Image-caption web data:
*** Begin section ***

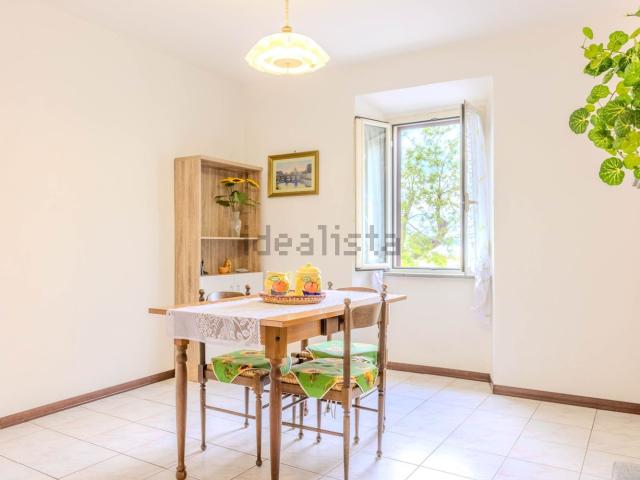 Appartamento in vendita di 46 m² in Via Guglielmo Marconi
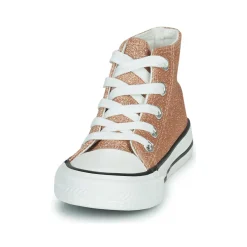 Citrouille et Compagnie - OUTIL PAILLETTES Champagne Hot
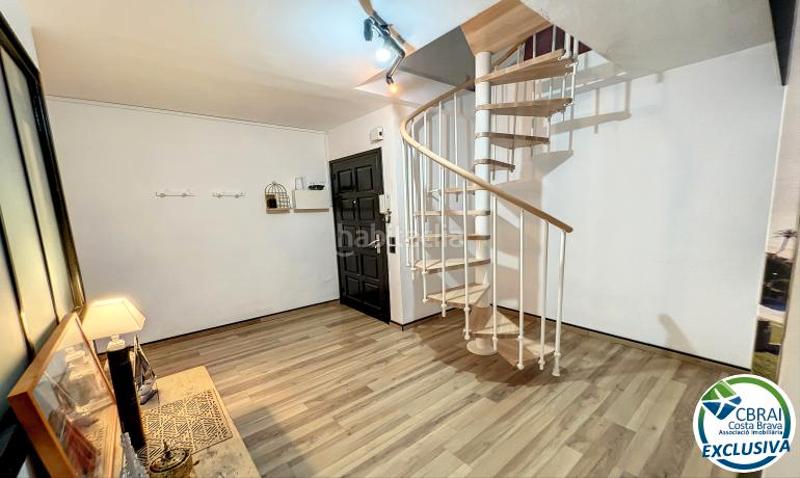 Foto 35b52628-fc1b-4e07-96f0-c7965650b803. Appartement in avinguda de rhode 181 in Centre Roses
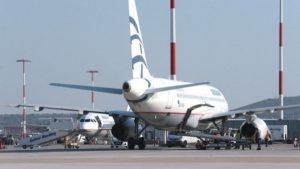 Ποιες χώρες κλείνουν τα σύνορά τους στη Βρετανία λόγω της μετάλλαξης του κορωνοϊού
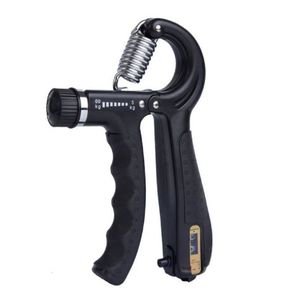فنر تقویت مچ مدل adjustable grip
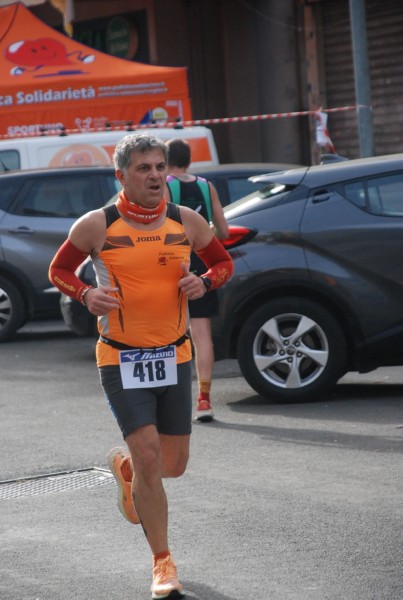 Corriamo al Tiburtino (16/11/2025) 0157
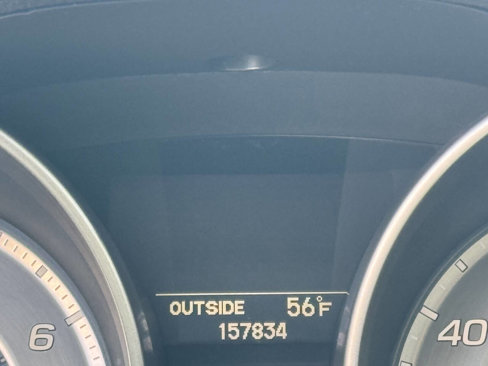 Used 2012 Acura MDX w/ Technology Package image 18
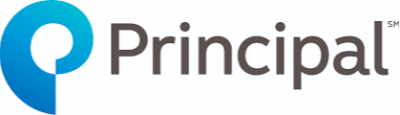 Principal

*** End section ***

_What is required_
Set down exactly the lines between the line containing "Ποιες χώρες κλείνουν" and the end of the records above, both ends included; pictures stay out.

_Answer section_
 Ποιες χώρες κλείνουν τα σύνορά τους στη Βρετανία λόγω της μετάλλαξης του κορωνοϊού
فنر تقویت مچ مدل adjustable grip
 Corriamo al Tiburtino (16/11/2025) 0157
 Used 2012 Acura MDX w/ Technology Package image 18
 Principal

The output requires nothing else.